In between, the historical Jesus adopted what many authors have called the prophetic option. He spoke out bluntly about theological and ethical issues that he believed impinged on the public scene. He called his followers to be the salt of the earth and the light of the world, not to hide in the (metaphorical) darkness but to arrest corruption and decay. He did not retreat from the public square. But he refused to take up arms to support his cause.

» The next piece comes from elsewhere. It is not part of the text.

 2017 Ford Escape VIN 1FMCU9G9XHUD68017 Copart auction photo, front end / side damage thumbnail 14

D. A. Carson's new Christ and Culture Revisited, just out from Eerdmans in April, reviews Richard Niebuhr's classic taxonomy of Christ against culture, in culture, above culture, transforming culture, and so on, convincingly arguing that there is a time for each of Niebuhr's models depending on the issue or circumstance. But N. T. Wright equally convincingly has pointed out (in a lecture on church and state at the November Society of Biblical Literature meetings in San Diego) that the model that most consistently fits Scripture is that of the church functioning toward the government as prophet to king.

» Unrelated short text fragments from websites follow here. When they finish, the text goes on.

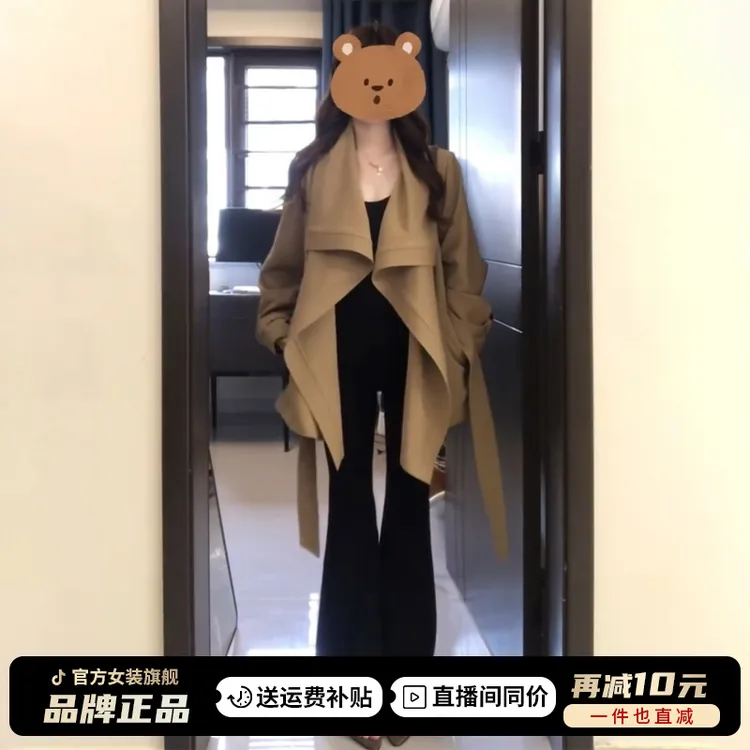 韩系休闲风氛围感女士秋季新款设计感风衣外套简约百搭宽松短大衣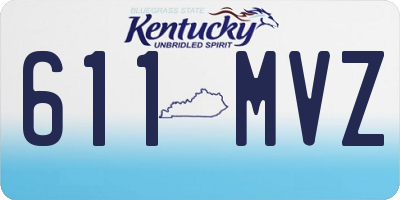 KY license plate 611MVZ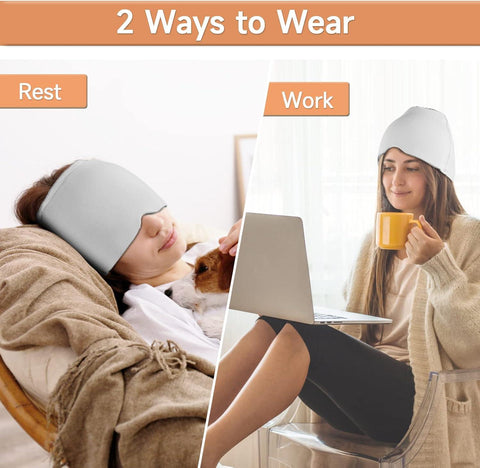 Migraine Relief Ice Cap Cooling Head Wrap for Headache Stress & Migraine Therapy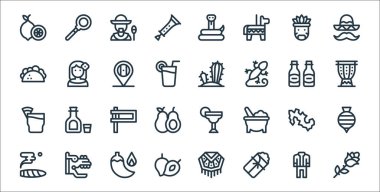 Meksika hattı ikonları. Doğrusal küme. Gül, tamale, zapot, puro, Meksika, matraca, davul, kaktüs, kadın gibi kalite vektör dizileri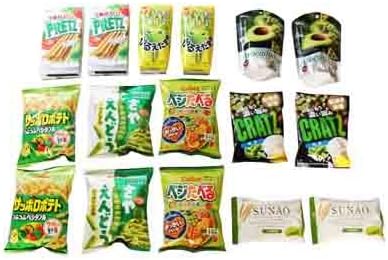Amazon おかしのマーチ グリコ カルビーなどの緑のおいしいスナックセット 8種 全16コ おかしのマーチ スイーツ スナック菓子 通販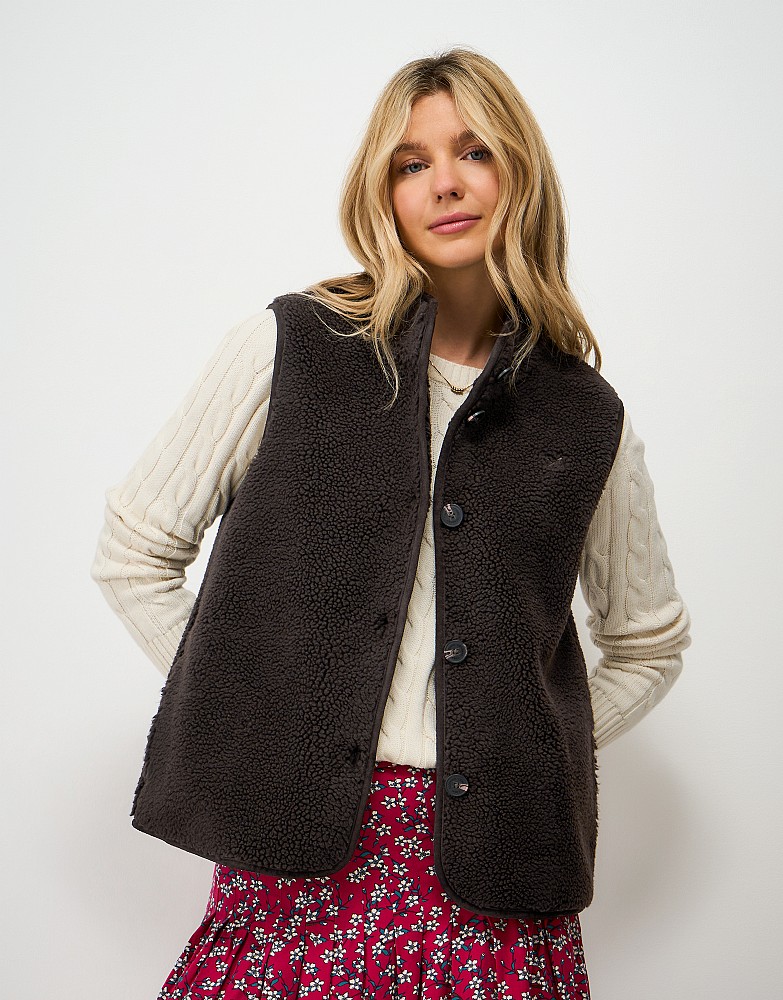 Borg Fleece Gilet in Chocolate Brown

In the Old Testament theocracy, prophets were undoubtedly the greatest human safeguards against monarchs wielding absolute power and/or not taking God's revealed will into proper consideration. The king might repent (as David did after Nathan confronted him of his sins with Uriah and Bathsheba) or he might be persecuted (as Ahab did with Elijah). But it is not surprising that the little New Testament letter of James, which most directly confronts the economic sins of the wealthy in first-century Jewish-Christian circles, alludes to no less than four dozen teachings of Jesus, almost half from the Sermon on the Mount/Plain, that particularly echo key themes of Old Testament prophetic rebuke of leadership gone awry.

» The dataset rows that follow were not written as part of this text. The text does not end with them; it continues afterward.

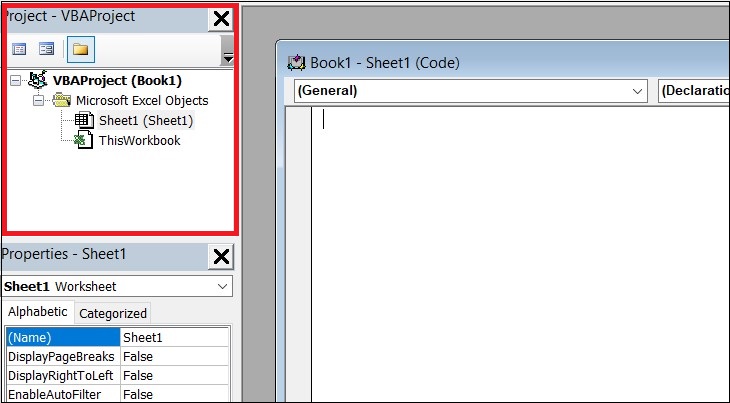 VBA là gì? Những điều cơ bản về VBA trong Excel > Project Explorer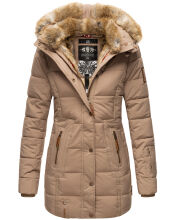 Marikoo warme Damen Steppmantel Winterjacke mit Kapuze Taupe Gr&ouml;&szlig;e XS - Gr. 34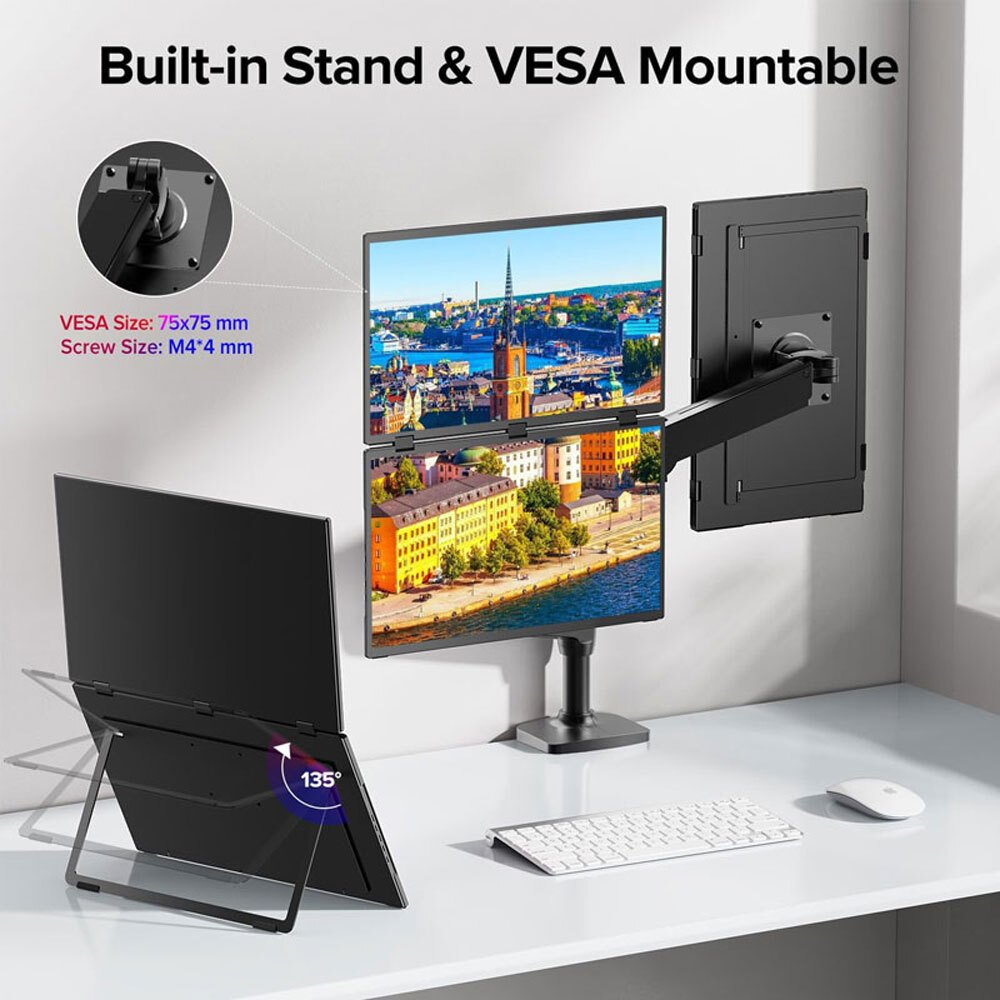 Dos monitores, uno montado, otro con soporte. Teclado y ratón en un escritorio blanco. Texto: Built-in Stand & VESA Mountable.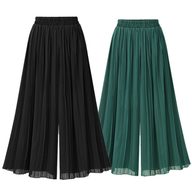 Wide Leg Chiffon Pants for Women Comfortable Loose Fit with Elastic Waist Summer Casual Wear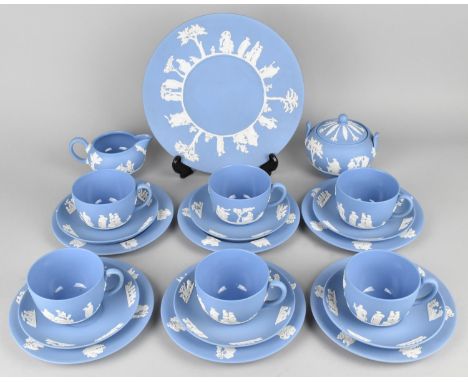 A Wedgwood Jasperware Tea Set for Six to Comprise Cups, Saucers, Side Plates, Cake Plate, Milk Jug and Lidded Sugar Bowl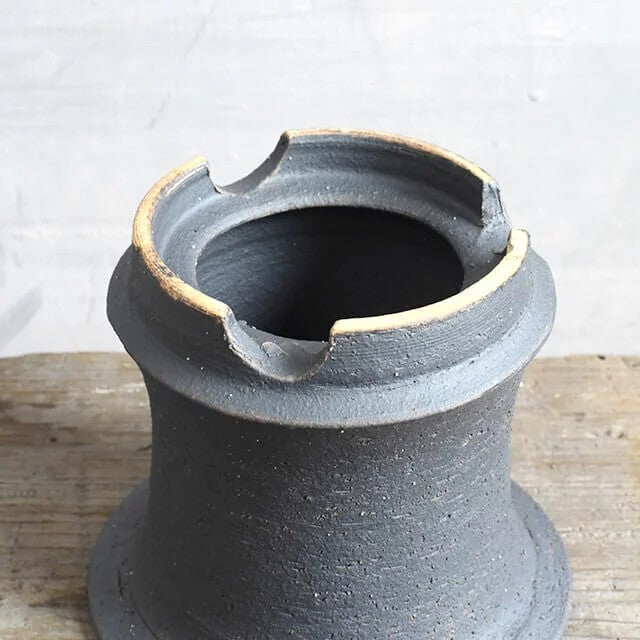 Kamiyama Omoto Pot Shigarakiyaki Φ6”x 5" Agave caudex Cactus Japanese Bonsai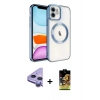 MARSİLYAN™- iPhone 11 Kılıf Nova Işık Özel Seri - Siyah Buffer Cam Ekran Koruyucu + Raze Metal Kamera Lens - MR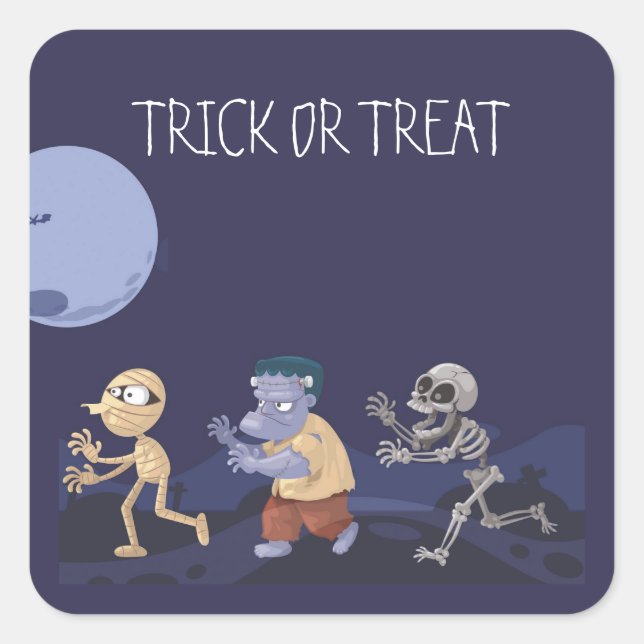 Fun Halloween Goblins Trick-oder-Leckerei Sticker (Vorderseite)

Gushee's book appropriately suggests that a good way to determine if an individual, congregation or entire wing of the church has lost its biblical moorings is to ask how many issues they can identify where they would be conscience-bound to go against their political party. There are plenty to go around for everybody, because Jesus, like Scripture more generally, was extremely concerned to help the poor, to bring justice for the marginalized, to treat the illegal alien in the land the same as the local citizenry (after all, in OT times, since the land had been given exclusively to Israel, all residents aliens were technically illegal, yet OT law repeatedly insists on equal treatment for them). Republicans have not historically distinguished themselves well on such issues. But Jesus was also pro-family (though not always in ways that some modern political rhetoric is), pro-heterosexual monogamy, and pro-life. Democrats have not historically distinguished themselves well on such issues.
Will the rest of this year's political campaign be business as usual with each party's members who are also churchgoers and perhaps even true Christians simply aligning themselves with their typical political concerns ? Or might we find a centrist coalition emerging that echoes the historical Jesus, like the prophets before him, in cutting right across all of the conventional political boundaries, barely even considering the option of voting a straight ticket, taking each candidate and issue one-by-one on their own merits and evaluating them in a truly Christian fashion, immersed in the whole counsel of God's word?


Criag,
I really appreciate your blog. I have become uneasy within todays Christian circles that embraces the whole concept of voting /supporting one particular party. Times are extreme and mans heart is deceitfully wicked, which makes wonder if we as Christians, would be easily manipulated to vote for someone that we would later truly, truly regret, just because they are labled and in a particular party. What if someone had their own agenda and knew that all they had to do was put a lable on themselves and they would be able to get right in.